Воеводой при князе давно уже ходил Олег по прозвищу Волчий Хвост. Услышав требования правителей Царьграда, он ахнул. Глава семьи не может оставить своим вниманием семью! Неужели князь прогонит некогда любимых женщин и, хуже того, бросит своих детей в угоду ромеям? Такого на Руси не бывало. Одно дело забывать о детях, рожденных простолюдинками в гаремах, те только рады своему потомству и нескольким месяцам, проведенным с князем. Совсем другое — отказаться от законных детей и их матерей. Такого не простит ни дружина, ни люд русский. А как сказать об этом князю, не знал.
Владимир, похоже, и сам маялся такой мыслью. Не так давно Рогнеда родила ему дочь Предславу, вот-вот родит второго ребенка и болгарыня Олова. Не говоря уже об остальных детях. Как с ними быть? Волчий Хвост не удивился, когда князь велел позвать его к себе. Заканчивалось лето, пора уходить в Киев, но как вернуться без невесты? Унизительно, надо что-то придумать. Воевода мысленно обругал ромеев — всегда обманут! Не стоило отправлять им помощь, пока не прислали в ответ царевну. Честно говоря, Волчий Хвост не очень понимал князя, и зачем ему нужна эта византийская замухрышка? Благородная кровь не всегда делает женщин красивыми, и от того, что она крещена, тоже краше не станет, да еще и немолода. А Русь сильна и без византийской царевны.
Он так и попытался сказать князю:
— Если б не отправили большое войско в помощь византийцам, самое время сейчас отправить его против зазнаек! Небось, встали бы снова под цареградскими стенами, не то что царевну — и своих жен отдали бы!

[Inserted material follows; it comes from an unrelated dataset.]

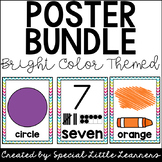 Classroom Poster Bundle (Numbers, Colors, and Shapes)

Владимир хмыкнул на такое предположение, но сказал другое:
— Я иное мыслю. Хочу про Корсунь речь вести. Хорошо град стоит, если от Византии отложится, то станет костью в горле ромеям.
— С чего отложится-то? — осторожно поинтересовался воевода. Конечно, херсонесцам не худо было бы стать самостоятельными, только как собирается князь это им предложить?
У Владимира снова хитро заблестели синие глаза. Это означало, что он придумал что-то особенное.
— Не у одних цареградцев молодые девы есть. У херсонесского наместника, ведаю, тоже дочь на выданье. Отправь послов со сватовством, обещай, что княгиней будет. Я христианин, пусть не боится, что за язычника дочь отдаст. И епископа на Русь отправит.